- _TASK DIRECTIONS_:
Your task is to transcribe the lines from the start of the data below through the line containing "Mens Sports Zip Hoodie", inclusive, exactly as they stand and without the pictures.

- _DATA TO EXAMINE_:
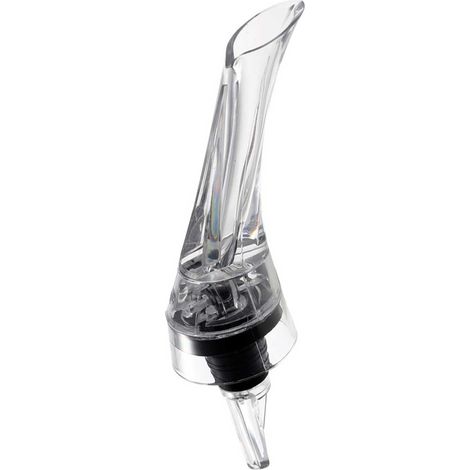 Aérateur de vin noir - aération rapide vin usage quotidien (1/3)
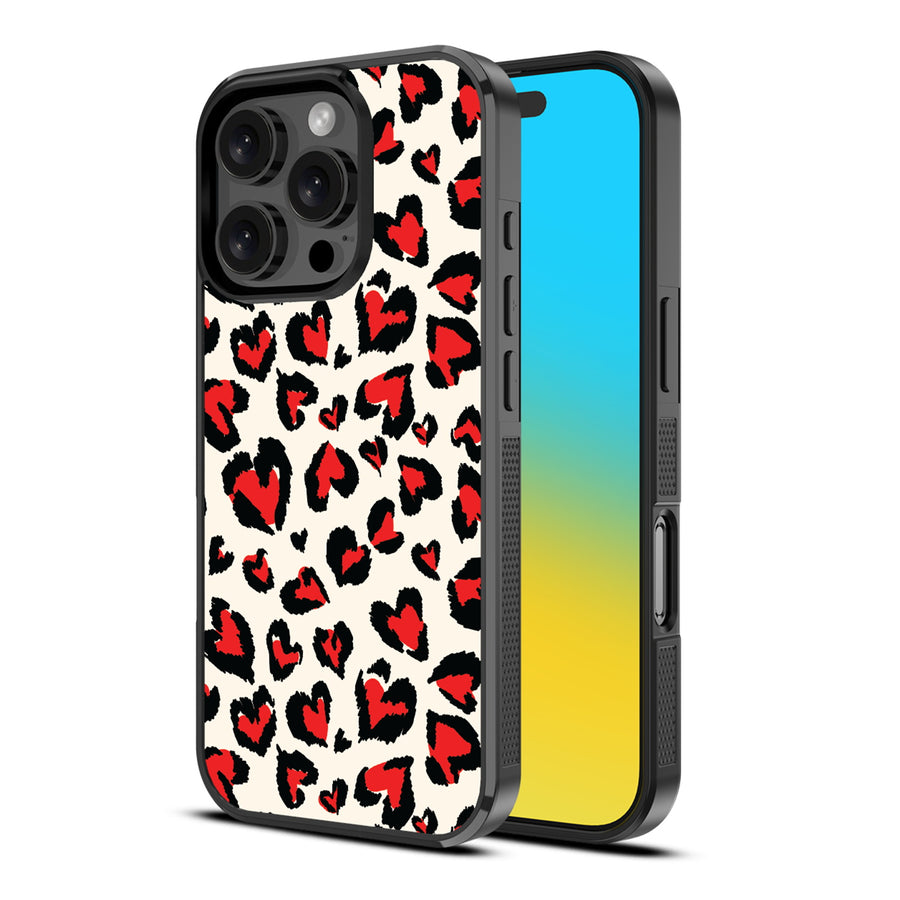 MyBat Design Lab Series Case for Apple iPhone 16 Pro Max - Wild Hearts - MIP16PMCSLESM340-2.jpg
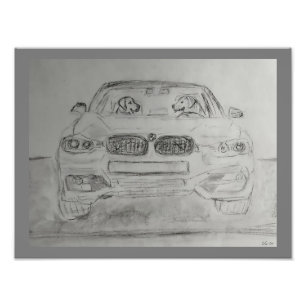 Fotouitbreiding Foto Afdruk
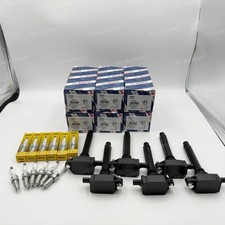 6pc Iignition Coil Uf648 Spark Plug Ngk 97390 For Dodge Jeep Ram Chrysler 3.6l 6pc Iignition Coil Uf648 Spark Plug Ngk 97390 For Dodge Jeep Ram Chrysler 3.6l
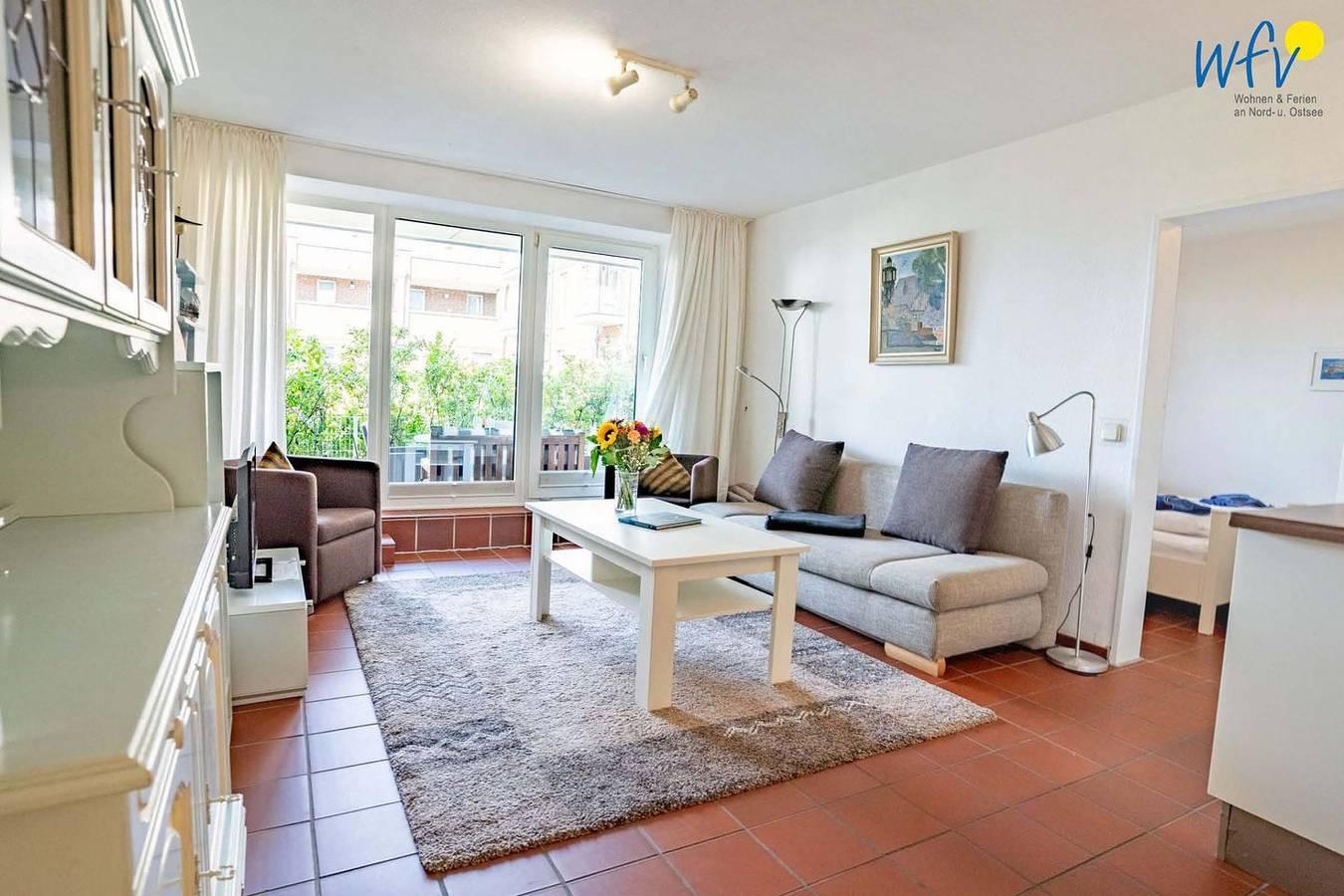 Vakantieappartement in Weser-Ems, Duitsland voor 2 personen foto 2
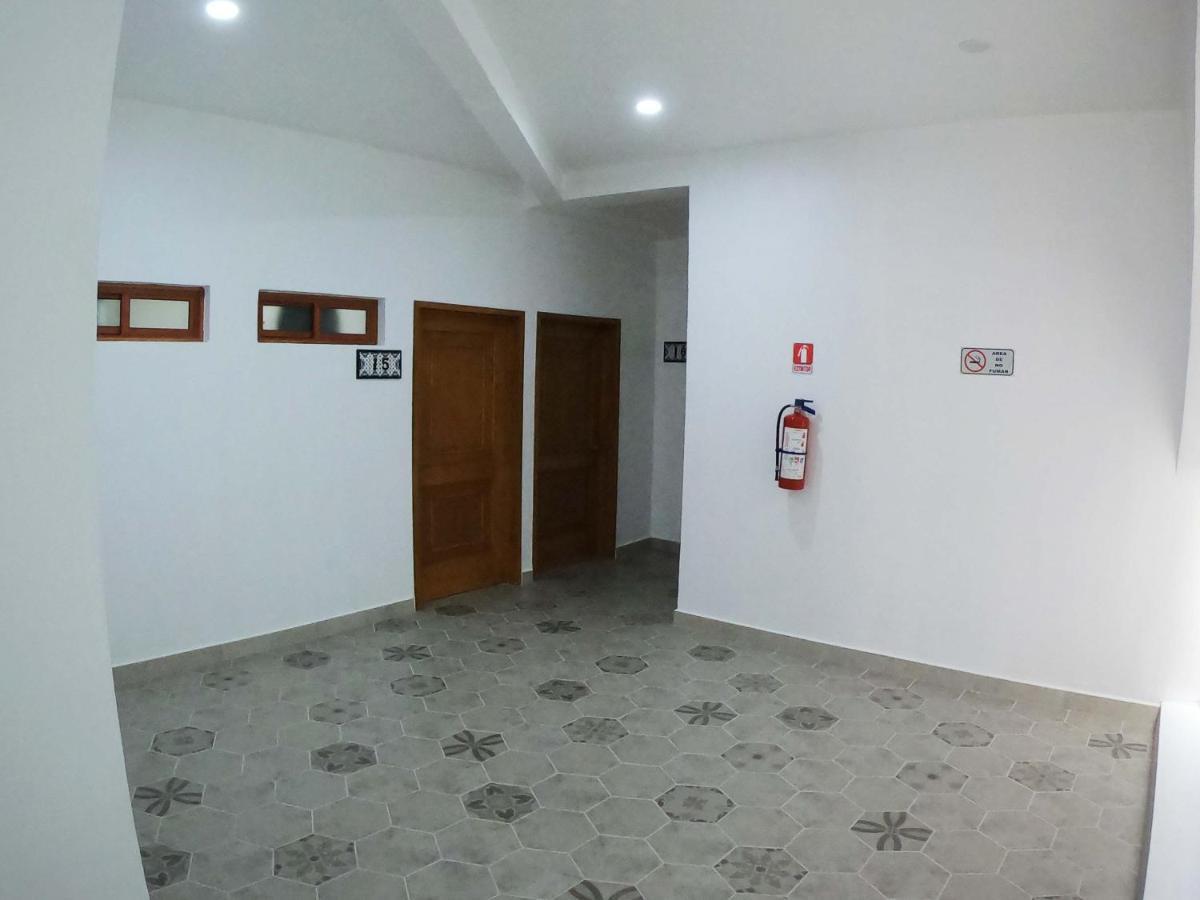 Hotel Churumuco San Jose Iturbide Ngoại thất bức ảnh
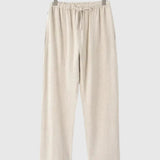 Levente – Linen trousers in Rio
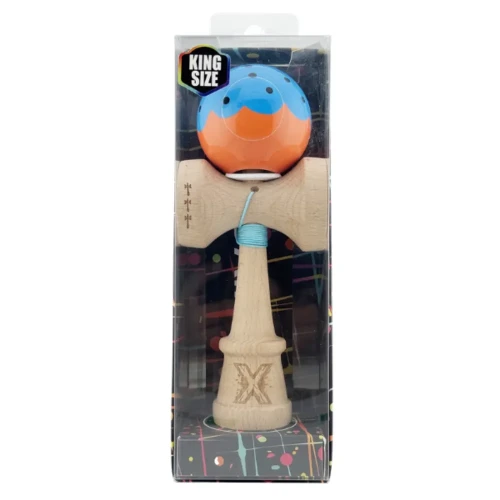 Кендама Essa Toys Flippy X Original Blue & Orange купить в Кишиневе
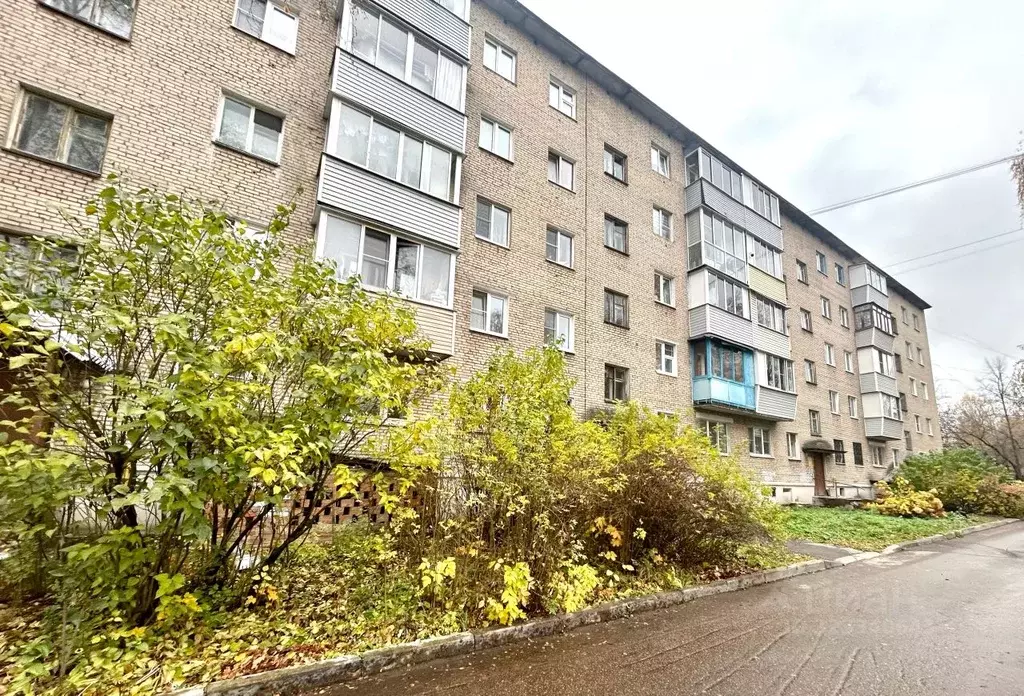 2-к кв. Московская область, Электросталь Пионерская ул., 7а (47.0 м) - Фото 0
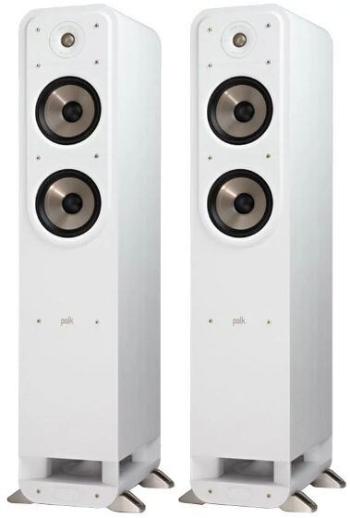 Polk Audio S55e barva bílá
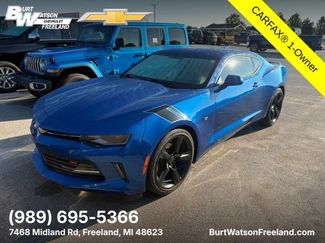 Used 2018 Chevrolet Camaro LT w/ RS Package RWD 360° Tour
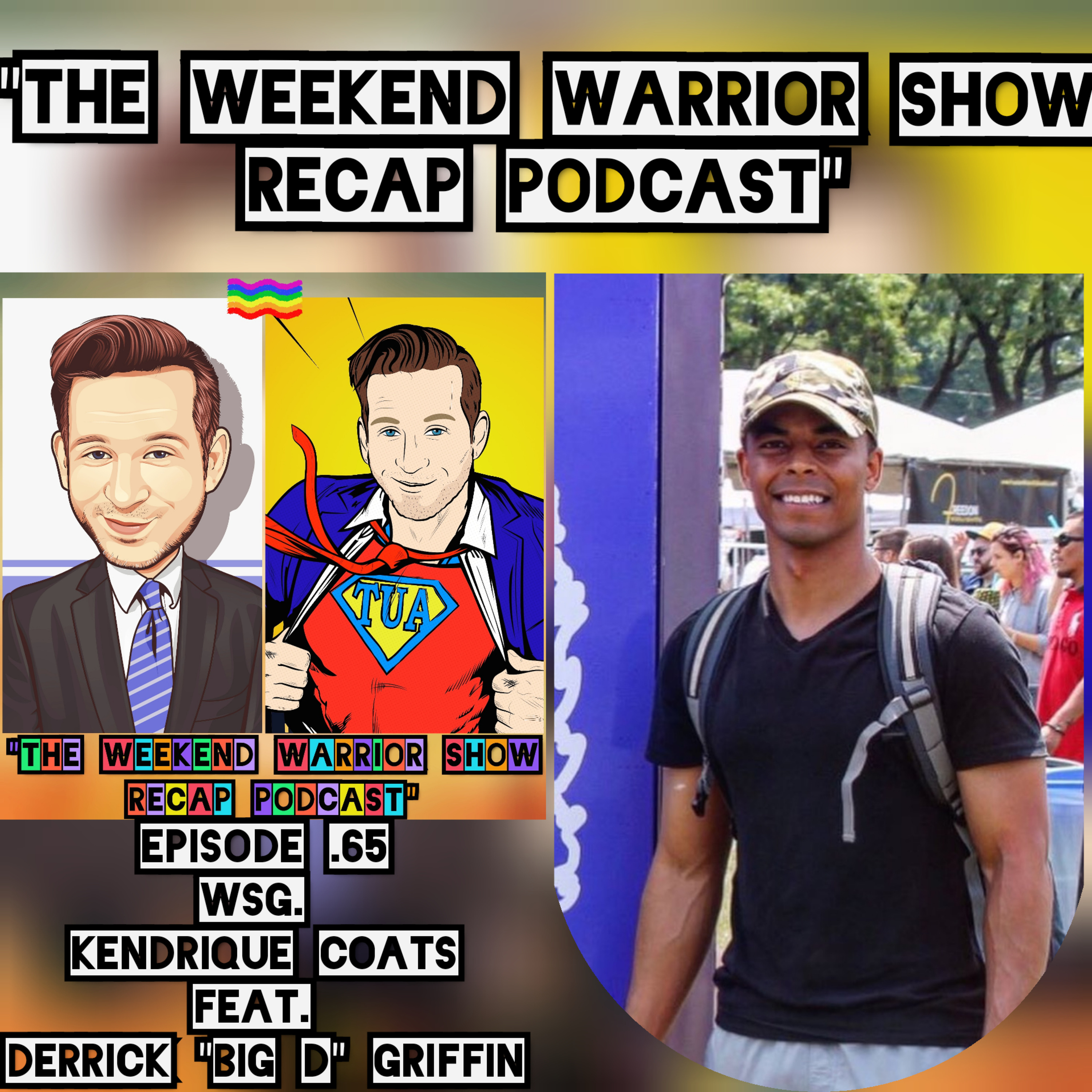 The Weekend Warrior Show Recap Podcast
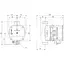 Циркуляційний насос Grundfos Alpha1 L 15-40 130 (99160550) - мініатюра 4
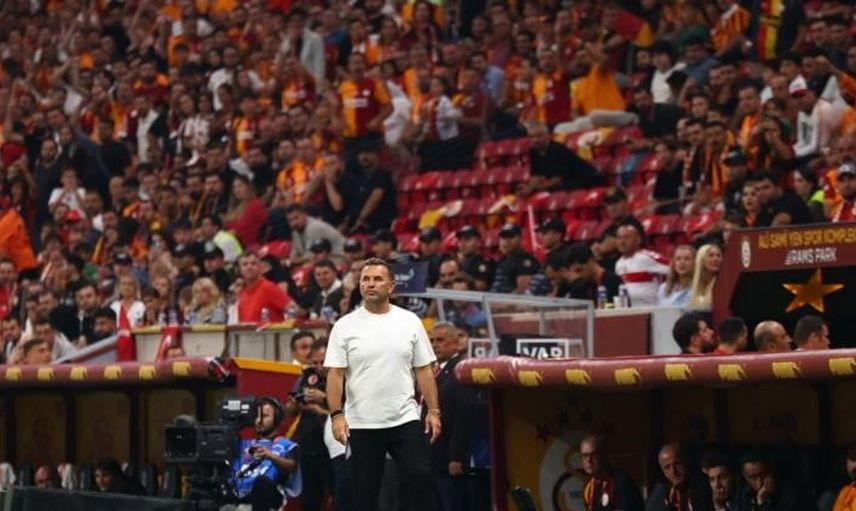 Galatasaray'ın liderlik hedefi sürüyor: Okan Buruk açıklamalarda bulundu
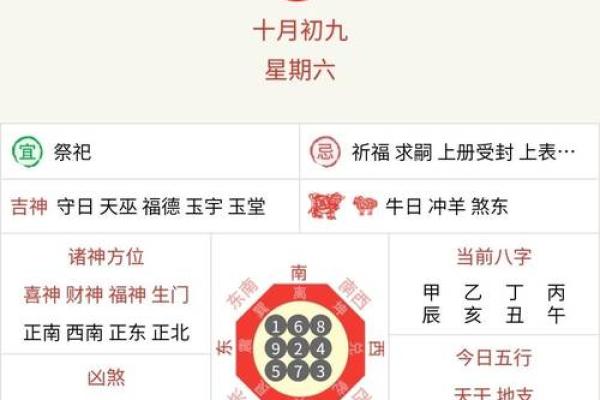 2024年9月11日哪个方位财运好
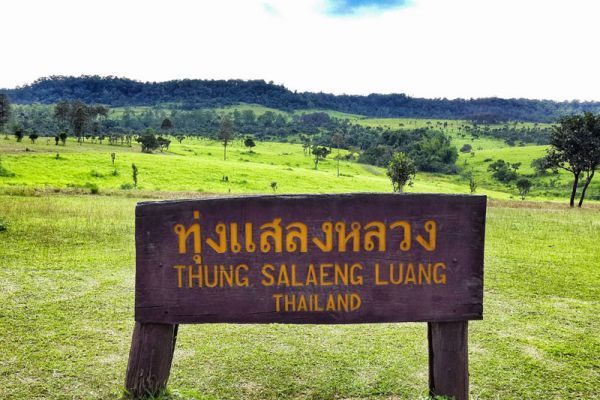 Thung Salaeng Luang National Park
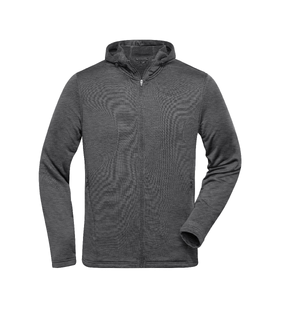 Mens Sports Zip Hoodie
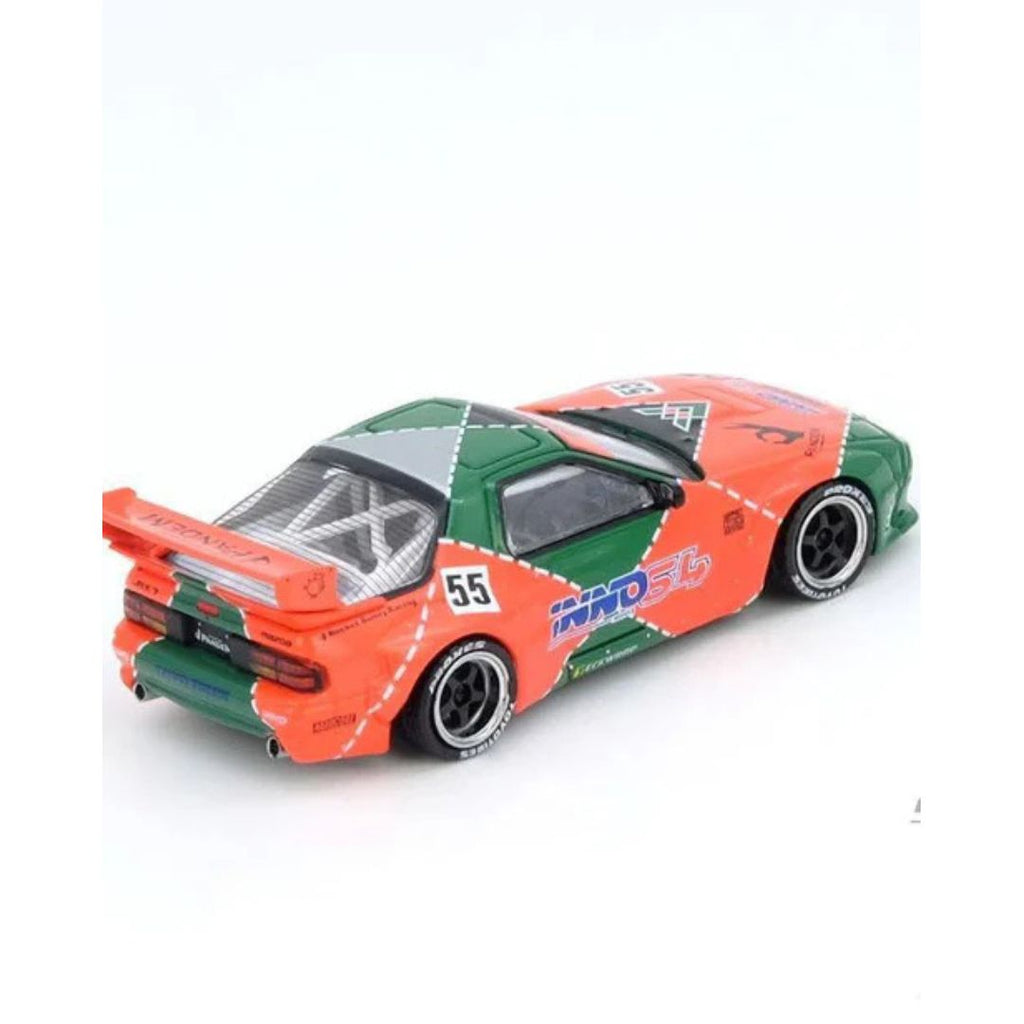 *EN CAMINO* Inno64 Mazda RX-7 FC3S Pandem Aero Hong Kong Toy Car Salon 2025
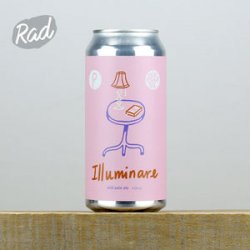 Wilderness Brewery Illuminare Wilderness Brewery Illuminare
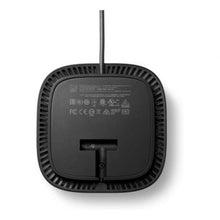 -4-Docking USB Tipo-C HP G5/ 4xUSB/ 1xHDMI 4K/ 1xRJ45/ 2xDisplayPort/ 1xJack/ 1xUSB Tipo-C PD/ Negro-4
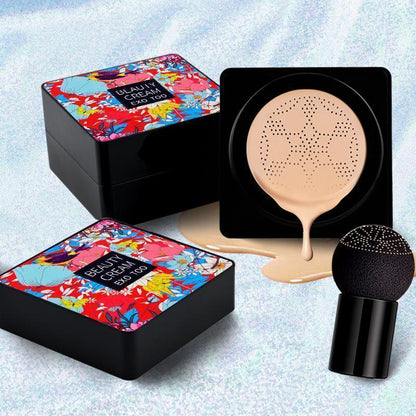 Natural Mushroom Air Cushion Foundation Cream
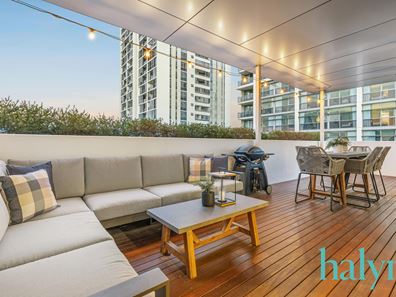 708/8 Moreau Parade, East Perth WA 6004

- _RESPONSE AREA_:
 Aérateur de vin noir - aération rapide vin usage quotidien (1/3)
 MyBat Design Lab Series Case for Apple iPhone 16 Pro Max - Wild Hearts - MIP16PMCSLESM340-2.jpg
 Fotouitbreiding Foto Afdruk
 6pc Iignition Coil Uf648 Spark Plug Ngk 97390 For Dodge Jeep Ram Chrysler 3.6l 6pc Iignition Coil Uf648 Spark Plug Ngk 97390 For Dodge Jeep Ram Chrysler 3.6l
 Vakantieappartement in Weser-Ems, Duitsland voor 2 personen foto 2
 Hotel Churumuco San Jose Iturbide Ngoại thất bức ảnh
 Levente – Linen trousers in Rio
 Кендама Essa Toys Flippy X Original Blue & Orange купить в Кишиневе
 2-к кв. Московская область, Электросталь Пионерская ул., 7а (47.0 м) - Фото 0
 Polk Audio S55e barva bílá
 Used 2018 Chevrolet Camaro LT w/ RS Package RWD 360° Tour
 The Weekend Warrior Show Recap Podcast
 Циркуляційний насос Grundfos Alpha1 L 15-40 130 (99160550) - мініатюра 4
 Galatasaray'ın liderlik hedefi sürüyor: Okan Buruk açıklamalarda bulundu
 2024年9月11日哪个方位财运好
 Thung Salaeng Luang National Park
 Mens Sports Zip Hoodie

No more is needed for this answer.